There has been some progress over the last few decades. For example, in 1972 only 4 percent of lawyers were women, compared to 32.2 percent in 2009. Still while women have made some strides into C-level positions, only 25 percent or less of CEO’s are women. And some fields have remained virtually the same: 97.6 percent of nurses were female in 1972 compared to 92 percent in 2009.
Somewhat surprisingly, although the number of female computer programmers increased to more than one-third of programmers in the 1980’s, the number has decreased consistently since 1989. The result? The percent of women in this profession is only slightly higher now than it was back in 1972 (20.3 percent today compared to 19.9 percent then).

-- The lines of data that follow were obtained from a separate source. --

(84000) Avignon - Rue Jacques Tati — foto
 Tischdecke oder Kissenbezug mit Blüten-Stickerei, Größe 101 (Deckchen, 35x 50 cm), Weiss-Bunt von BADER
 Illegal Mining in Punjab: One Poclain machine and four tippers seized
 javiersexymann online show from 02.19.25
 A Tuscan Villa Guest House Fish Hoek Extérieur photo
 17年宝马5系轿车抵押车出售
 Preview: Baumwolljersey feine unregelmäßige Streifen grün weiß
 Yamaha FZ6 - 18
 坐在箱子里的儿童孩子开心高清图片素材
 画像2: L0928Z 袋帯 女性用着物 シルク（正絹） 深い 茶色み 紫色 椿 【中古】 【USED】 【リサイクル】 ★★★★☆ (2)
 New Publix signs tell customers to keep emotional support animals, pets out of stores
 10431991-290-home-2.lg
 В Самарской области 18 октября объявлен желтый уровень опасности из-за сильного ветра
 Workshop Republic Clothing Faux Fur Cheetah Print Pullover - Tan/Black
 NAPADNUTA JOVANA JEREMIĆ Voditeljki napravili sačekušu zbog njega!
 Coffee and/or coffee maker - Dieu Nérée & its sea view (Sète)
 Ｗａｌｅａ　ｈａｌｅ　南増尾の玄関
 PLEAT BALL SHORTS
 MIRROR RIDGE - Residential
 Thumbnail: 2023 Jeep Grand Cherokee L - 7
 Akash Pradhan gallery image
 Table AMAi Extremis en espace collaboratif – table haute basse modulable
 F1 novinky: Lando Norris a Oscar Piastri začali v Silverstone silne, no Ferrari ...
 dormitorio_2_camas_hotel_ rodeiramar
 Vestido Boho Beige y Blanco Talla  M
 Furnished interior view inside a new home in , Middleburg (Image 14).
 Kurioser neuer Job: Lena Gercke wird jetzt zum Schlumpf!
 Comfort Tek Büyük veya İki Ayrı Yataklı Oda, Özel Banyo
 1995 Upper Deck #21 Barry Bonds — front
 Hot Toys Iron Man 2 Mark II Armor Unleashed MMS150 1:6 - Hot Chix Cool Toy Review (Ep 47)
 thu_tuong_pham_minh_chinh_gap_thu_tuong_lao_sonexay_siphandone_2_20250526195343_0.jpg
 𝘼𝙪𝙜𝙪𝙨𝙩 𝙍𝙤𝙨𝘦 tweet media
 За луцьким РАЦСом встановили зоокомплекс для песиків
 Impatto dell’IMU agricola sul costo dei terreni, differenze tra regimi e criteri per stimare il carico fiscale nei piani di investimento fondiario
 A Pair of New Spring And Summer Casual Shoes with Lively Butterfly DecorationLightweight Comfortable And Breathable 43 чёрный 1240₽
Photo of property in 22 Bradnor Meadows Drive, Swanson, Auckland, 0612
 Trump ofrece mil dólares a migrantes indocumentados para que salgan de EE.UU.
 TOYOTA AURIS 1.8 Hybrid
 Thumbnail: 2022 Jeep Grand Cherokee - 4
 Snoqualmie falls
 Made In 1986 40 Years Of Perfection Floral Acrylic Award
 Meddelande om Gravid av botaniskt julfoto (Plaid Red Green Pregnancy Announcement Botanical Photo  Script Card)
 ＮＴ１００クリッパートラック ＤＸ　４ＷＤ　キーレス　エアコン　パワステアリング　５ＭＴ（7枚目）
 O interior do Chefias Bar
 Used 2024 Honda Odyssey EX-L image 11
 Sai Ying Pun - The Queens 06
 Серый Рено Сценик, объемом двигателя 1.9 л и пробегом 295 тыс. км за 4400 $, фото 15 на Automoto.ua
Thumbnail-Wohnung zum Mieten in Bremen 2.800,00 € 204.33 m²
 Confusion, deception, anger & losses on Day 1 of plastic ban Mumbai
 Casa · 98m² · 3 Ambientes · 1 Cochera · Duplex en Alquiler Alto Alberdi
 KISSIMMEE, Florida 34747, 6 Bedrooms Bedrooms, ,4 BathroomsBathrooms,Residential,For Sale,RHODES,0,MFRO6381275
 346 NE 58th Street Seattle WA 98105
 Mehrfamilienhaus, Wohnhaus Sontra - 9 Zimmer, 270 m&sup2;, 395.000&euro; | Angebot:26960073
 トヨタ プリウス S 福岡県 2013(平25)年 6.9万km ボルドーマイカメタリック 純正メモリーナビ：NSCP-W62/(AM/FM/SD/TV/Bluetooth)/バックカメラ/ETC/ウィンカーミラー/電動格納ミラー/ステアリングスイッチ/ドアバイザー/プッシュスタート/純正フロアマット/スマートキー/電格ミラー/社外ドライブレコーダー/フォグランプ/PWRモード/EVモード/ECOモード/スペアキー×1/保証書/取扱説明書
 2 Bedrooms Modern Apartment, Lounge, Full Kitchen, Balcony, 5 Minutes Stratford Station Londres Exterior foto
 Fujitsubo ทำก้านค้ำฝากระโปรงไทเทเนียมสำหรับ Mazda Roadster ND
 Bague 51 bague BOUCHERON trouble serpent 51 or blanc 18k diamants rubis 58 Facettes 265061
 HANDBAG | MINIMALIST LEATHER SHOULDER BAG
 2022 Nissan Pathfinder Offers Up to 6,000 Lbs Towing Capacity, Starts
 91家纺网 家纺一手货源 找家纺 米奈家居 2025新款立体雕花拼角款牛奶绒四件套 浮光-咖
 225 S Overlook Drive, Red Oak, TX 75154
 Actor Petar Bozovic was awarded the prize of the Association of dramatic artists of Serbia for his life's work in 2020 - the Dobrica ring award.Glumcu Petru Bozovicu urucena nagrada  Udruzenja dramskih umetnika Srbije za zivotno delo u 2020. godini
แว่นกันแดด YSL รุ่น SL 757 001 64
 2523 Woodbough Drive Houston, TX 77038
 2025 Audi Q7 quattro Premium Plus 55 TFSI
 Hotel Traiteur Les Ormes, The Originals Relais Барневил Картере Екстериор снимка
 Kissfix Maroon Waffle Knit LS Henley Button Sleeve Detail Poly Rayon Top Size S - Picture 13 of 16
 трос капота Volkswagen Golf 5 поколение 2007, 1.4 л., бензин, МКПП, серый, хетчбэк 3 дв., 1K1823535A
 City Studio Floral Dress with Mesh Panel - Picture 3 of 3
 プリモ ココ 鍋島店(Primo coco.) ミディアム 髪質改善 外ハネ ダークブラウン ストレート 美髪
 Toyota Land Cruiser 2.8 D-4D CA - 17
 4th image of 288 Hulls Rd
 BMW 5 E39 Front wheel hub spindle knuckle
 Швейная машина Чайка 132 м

Following are a few other findings from the Institute for Women’s Policy Research Briefing Paper (September 2010):
In spite of the advances toward equality in the workplace women made in the 1970’s and 1980’s, the findings discussed in this paper indicate that progress stalled toward the end of the millennium. Today, women still earn less than men in most occupations. People working in male-dominated professions earn more money overall. And relatively few women occupy the corner office.
So what’s a woman to do? Find out about the earning power of different occupations. Talk to people, particularly other women, who work in a profession you’re considering to find out about the opportunity for advancement. Before you go in for an interview look at the company’s website to see how many senior executives are women. When you go in for a job interview pay attention to who’s sitting in the offices compared with who’s sitting in cubes.
Remember, the more you know, the easier it will be to make an informed career decision.